|| On the granite jetty, a man with a sailor's cap is riding a bicycle toward us. Further away, a fisherman is working on his nets. Two fishing boats are just outside the harbor, waiting for the tide to rise a little more to sail in. A short white beacon with a red tip marks the end of the jetty, and across the way, to our left, the village church stands, squat and sturdy, poised against the elements.
For a moment, everything seems to hang still, like a beautiful photograph. And then, the man on the bicycle rides away, the boats come in, refrigerated trucks move in close to the quay. As soon as the boats are close enough, two sailors jump out, catch a rope, and tie up the boat. Right away, the mussels are unloaded, 100 lb. bag after 100 lb. bag, straight from the boat to the truck.
We are in Barfleur, a little village of granite houses on a narrow spit of land. Near the jetty, a white lighthouse, short and square, helps the fishermen find their way into the harbor. It stands right across from the village and we sit for a while on the rocks. It is high tide now, and the water spreads out all the way across.

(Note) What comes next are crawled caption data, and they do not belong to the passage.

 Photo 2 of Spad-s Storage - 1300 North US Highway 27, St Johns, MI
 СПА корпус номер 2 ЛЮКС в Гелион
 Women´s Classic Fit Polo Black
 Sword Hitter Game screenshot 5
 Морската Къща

Small fishing boats are anchored in the wide harbor, all facing in the same direction, pushed by the rising tide.
The larger boats, with their brightly painted hulls, are lined up along the quay across the water. Opposite the quay, a long row of houses, all of gray stone, with white shutters and slate roofs, is broken only by the Café de France, with its façade lined with red bricks and its large awning, and punctuated by a pretty ivy-covered house with wide windows, right near the church.
We walk around the harbor, all the way to the point, past the church. A bronze plaque on a large rock at the entrance to the harbor, reminds us that William sailed to England in 1066 in a ship built in Barfleur, the Mora, and that its skipper was a local man named Etienne.

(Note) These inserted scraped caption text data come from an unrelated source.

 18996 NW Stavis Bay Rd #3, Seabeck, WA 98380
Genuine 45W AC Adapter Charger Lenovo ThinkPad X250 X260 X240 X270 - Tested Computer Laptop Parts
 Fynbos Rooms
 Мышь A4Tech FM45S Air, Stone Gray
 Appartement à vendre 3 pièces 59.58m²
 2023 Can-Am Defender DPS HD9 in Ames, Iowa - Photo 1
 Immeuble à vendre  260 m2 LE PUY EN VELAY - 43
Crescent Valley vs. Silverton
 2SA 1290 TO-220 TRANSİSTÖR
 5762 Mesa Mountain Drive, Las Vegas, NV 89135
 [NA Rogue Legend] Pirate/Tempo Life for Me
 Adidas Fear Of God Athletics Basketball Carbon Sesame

On the way back, we stop at the Café de France to sip a mid-morning coffee. From the outdoor terrace, we watch the activity around the quay and the boats. We had spent the night a few miles away, at the Manoir de Montfarville, a Bed and Breakfast that dates back to the fifteenth century. Over a breakfast of croissants, fresh bread and jam, the landlady graciously informed us that the house is built on an earthen mound on which originally rose a wooden fort. This was replaced in the eleventh century by a stone castle, which controlled the land access to Barfleur. The castle was destroyed by the English at the beginning of the Hundred-year War, in July 1346, when King Edward, after landing in Saint-Vaast, ransacked Barfleur and Cherbourg before marching on Caen.
After the conquest of England, Barfleur became one of the main links between Normandy and England, and was the favored port of the nobility when they traveled back and forth between their domains on both sides of the English Channel. The town grew to 9,000 inhabitants, more than 10 times what it is today.

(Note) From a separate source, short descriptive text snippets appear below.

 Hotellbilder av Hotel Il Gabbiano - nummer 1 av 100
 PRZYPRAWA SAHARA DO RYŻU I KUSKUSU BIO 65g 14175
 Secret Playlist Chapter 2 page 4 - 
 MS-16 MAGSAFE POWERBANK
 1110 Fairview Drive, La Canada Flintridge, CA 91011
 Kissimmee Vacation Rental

After the boats have been unloaded, and the trucks have left, quiet returns to the harbor. We finish our coffee and continue our walk. By lunch time, the tide is going out, slowly emptying the harbour. The trawlers along the quay begin to lean to their side, and rowdy seagulls fight for food in the shallow pools. We finally enter a narrow alley by the cemetery that surrounds the church. At the end of it, after just a few yards, we are again looking at the sea. We have crossed the tip of the peninsula, and a wide rounded bay opens up before us, punctuated by the high spire of the lighthouse of Gatteville.
In these waters, in 1120, the Blanche Nef, a ship from Barfleur, got wrecked on the reefs. According to the story, King Henry I, the son of William, was returning to England after spending 4 years in Normandy. With him were his two sons, his court, and several members of prominent European families. A boat captain approached him, claiming to be the son of Etienne, the skipper of the Mora, and proposing his services to the King. Henry already had his royal vessel ready, but he let his sons and part of his court sail with this man. The night before their departure, the ship's crew had been drinking. The next morning, the Blanche Nef left the harbor, and headed straight for the reefs. The first two heirs to the throne drowned in the shipwreck, along with 300 other Nobles.
Henry's daughter, Maud, married Geoffroy Plantagenet, Duke of Anjou, in 1127. Before his death in 1135, Henry had nominated his nephew, Stephen of Blois, to succeed him, despite Maud's claims to the throne. After 19 years of conflicts, Henry II, son of Maud and Geoffroy, became king in 1154. The Plantagenets would now control England and Normandy, along with most of southwestern France.